Autoscaling

Autoscaling consists of two steps. First step is centering (or, more precise, mean centering) when center of a data cloud in variable space is moved to an origin. Mathematically it is done by subtracting mean from the data values separately for every column/variable. Second step is scaling og standardization when data values are divided to standard deviation so the variables have unit variance. This autoscaling procedure (both steps) is known in statistics simply as standardization. You can also use arbitrary values to center or/and scale the data, in this case use sequence or vector with these values should be provided as an argument for center or scale.
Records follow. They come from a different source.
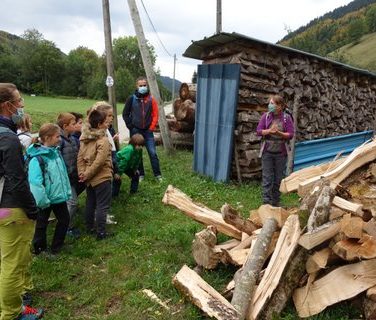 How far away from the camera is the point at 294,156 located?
339 inches

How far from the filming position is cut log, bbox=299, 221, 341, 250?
330 cm

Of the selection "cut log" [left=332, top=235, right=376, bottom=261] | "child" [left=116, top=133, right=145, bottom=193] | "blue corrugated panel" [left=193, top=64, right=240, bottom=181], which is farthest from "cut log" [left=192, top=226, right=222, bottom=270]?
"blue corrugated panel" [left=193, top=64, right=240, bottom=181]

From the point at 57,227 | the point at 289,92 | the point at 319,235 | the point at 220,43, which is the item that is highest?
the point at 220,43

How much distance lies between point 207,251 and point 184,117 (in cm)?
848

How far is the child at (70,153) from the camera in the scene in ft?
17.9

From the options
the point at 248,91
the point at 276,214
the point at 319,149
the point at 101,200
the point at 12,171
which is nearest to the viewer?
the point at 12,171

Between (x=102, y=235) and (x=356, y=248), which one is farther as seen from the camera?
(x=102, y=235)

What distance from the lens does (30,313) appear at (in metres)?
3.62

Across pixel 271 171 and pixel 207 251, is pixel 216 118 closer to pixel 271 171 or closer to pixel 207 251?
pixel 271 171

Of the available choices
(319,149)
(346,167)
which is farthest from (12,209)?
(319,149)

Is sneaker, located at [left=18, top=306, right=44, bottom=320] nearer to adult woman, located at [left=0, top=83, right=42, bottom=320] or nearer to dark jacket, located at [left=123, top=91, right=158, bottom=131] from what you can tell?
adult woman, located at [left=0, top=83, right=42, bottom=320]

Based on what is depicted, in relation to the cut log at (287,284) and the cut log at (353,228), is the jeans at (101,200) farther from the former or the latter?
the cut log at (353,228)

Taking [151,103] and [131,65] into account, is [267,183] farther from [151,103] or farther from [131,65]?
[131,65]

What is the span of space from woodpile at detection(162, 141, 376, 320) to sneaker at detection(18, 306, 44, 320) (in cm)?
127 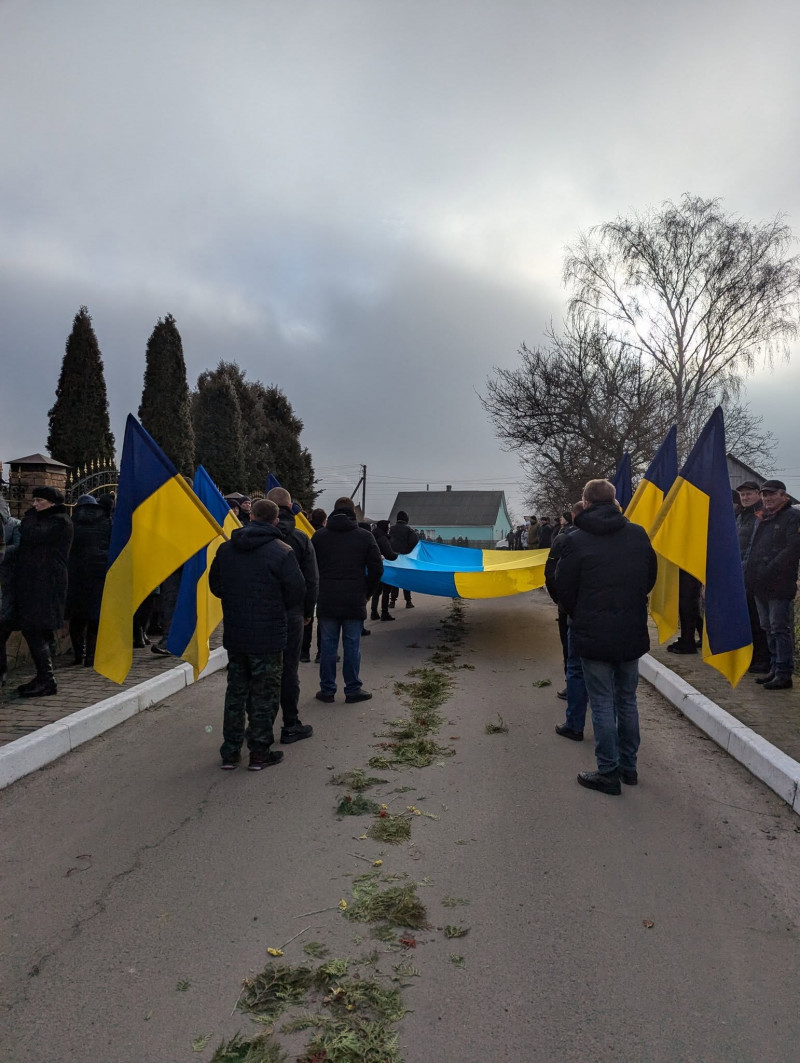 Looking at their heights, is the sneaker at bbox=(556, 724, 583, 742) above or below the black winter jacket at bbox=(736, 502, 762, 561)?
below

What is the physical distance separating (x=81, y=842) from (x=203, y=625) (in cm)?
237

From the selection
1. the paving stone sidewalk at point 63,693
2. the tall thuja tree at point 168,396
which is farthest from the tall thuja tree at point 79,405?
the paving stone sidewalk at point 63,693

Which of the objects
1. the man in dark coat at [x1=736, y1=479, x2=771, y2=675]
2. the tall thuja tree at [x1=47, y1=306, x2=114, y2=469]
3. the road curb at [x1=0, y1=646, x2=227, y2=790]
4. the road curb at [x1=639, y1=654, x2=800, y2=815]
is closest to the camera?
the road curb at [x1=639, y1=654, x2=800, y2=815]

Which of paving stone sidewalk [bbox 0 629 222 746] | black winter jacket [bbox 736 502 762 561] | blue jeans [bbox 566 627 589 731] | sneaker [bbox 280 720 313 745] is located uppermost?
black winter jacket [bbox 736 502 762 561]

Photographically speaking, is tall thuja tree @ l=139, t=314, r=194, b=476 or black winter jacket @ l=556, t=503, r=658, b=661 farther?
tall thuja tree @ l=139, t=314, r=194, b=476

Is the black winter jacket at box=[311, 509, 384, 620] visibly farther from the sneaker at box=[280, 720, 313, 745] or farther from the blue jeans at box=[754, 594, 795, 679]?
the blue jeans at box=[754, 594, 795, 679]

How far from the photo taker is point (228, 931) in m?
3.17

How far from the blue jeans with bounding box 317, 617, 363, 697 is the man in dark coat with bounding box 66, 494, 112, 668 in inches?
101

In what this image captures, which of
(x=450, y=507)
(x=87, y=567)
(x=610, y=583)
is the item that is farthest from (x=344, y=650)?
(x=450, y=507)

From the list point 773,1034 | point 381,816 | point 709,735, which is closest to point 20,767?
point 381,816

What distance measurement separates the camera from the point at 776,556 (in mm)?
7176

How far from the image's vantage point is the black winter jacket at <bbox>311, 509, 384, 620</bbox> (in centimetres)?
734

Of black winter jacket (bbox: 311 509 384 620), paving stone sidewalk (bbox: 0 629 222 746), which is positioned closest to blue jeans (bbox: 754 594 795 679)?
black winter jacket (bbox: 311 509 384 620)

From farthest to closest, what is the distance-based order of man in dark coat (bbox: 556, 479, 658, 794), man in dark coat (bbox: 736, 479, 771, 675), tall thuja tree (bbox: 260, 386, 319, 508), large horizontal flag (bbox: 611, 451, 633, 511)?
tall thuja tree (bbox: 260, 386, 319, 508) < large horizontal flag (bbox: 611, 451, 633, 511) < man in dark coat (bbox: 736, 479, 771, 675) < man in dark coat (bbox: 556, 479, 658, 794) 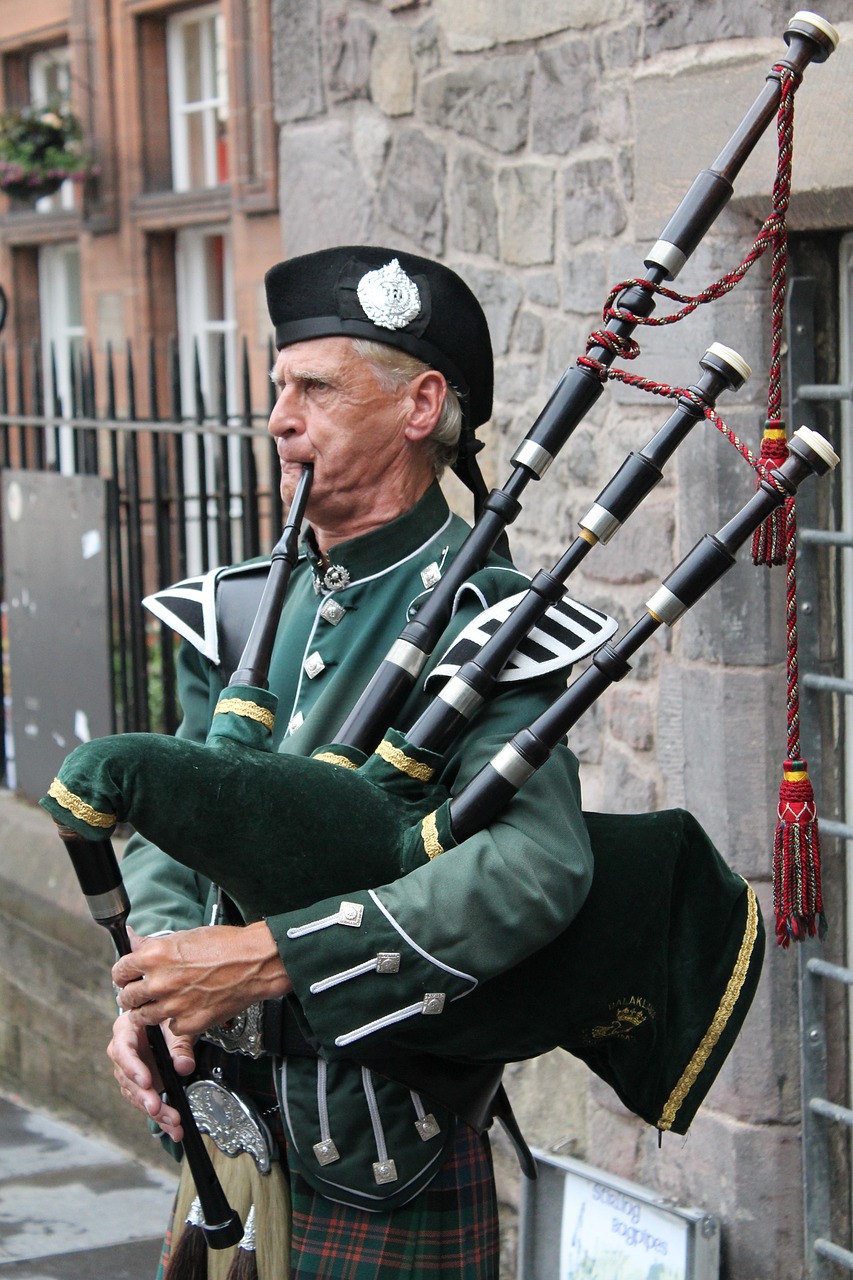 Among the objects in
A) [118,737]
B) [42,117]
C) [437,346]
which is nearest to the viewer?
[118,737]

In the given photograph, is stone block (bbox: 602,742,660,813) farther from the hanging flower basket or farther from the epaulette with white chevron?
the hanging flower basket

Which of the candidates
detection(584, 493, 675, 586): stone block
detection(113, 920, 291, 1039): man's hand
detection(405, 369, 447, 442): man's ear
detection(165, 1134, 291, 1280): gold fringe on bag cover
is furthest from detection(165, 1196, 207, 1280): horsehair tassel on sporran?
detection(584, 493, 675, 586): stone block

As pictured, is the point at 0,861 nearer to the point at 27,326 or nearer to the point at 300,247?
the point at 300,247

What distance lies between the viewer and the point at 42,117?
1034cm

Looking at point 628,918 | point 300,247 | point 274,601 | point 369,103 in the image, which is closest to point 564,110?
point 369,103

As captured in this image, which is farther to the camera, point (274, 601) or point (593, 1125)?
point (593, 1125)

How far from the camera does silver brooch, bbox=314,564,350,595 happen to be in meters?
2.45

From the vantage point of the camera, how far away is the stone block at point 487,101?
3805mm

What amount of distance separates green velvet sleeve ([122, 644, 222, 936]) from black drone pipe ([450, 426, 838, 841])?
642mm

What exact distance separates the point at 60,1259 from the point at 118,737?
2.83 m

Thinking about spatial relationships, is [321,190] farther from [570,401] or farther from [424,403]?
[570,401]

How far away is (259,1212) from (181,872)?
0.51 meters

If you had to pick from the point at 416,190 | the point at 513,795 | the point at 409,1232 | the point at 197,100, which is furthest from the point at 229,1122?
the point at 197,100

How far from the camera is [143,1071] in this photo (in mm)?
2227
R has a built-in function for centering and scaling, scale(). The method prep.autoscale() is actually a wrapper for this function, which is mostly needed to set all user defined attributes to the result (all preprocessing methods will keep the attributes). Here are some examples how to use it:

library(mdatools)

# load People data
data(people)

# mean centering only
data1 = prep.autoscale(people, center = TRUE, scale = FALSE)

# scaling/standardization only
data2 = prep.autoscale(people, center = FALSE, scale = TRUE)

# autoscaling (mean centering and standardization)
data3 = prep.autoscale(people, center = TRUE, scale = TRUE)

# centering with median values and standardization
data4 = prep.autoscale(people, center = apply(people, 2, median), scale = TRUE)

par(mfrow = c(2, 2))
boxplot(data1, main = "Mean centered")
boxplot(data2, main = "Standardized")
boxplot(data3, main = "Mean centered and standardized")
boxplot(data4, main = "Median centered and standardized")

The method has also an additional parameter max.cov which helps to avoid scaling of variables with zero or very low variation. The parameter defines a limit for coefficient of variation in percent sd(x) / m(x) * 100 and the method will not scale variables with coefficient of variation below this limit. Default value for the parameter is 0 which will prevent scaling of constant variables (which is leading to Inf values).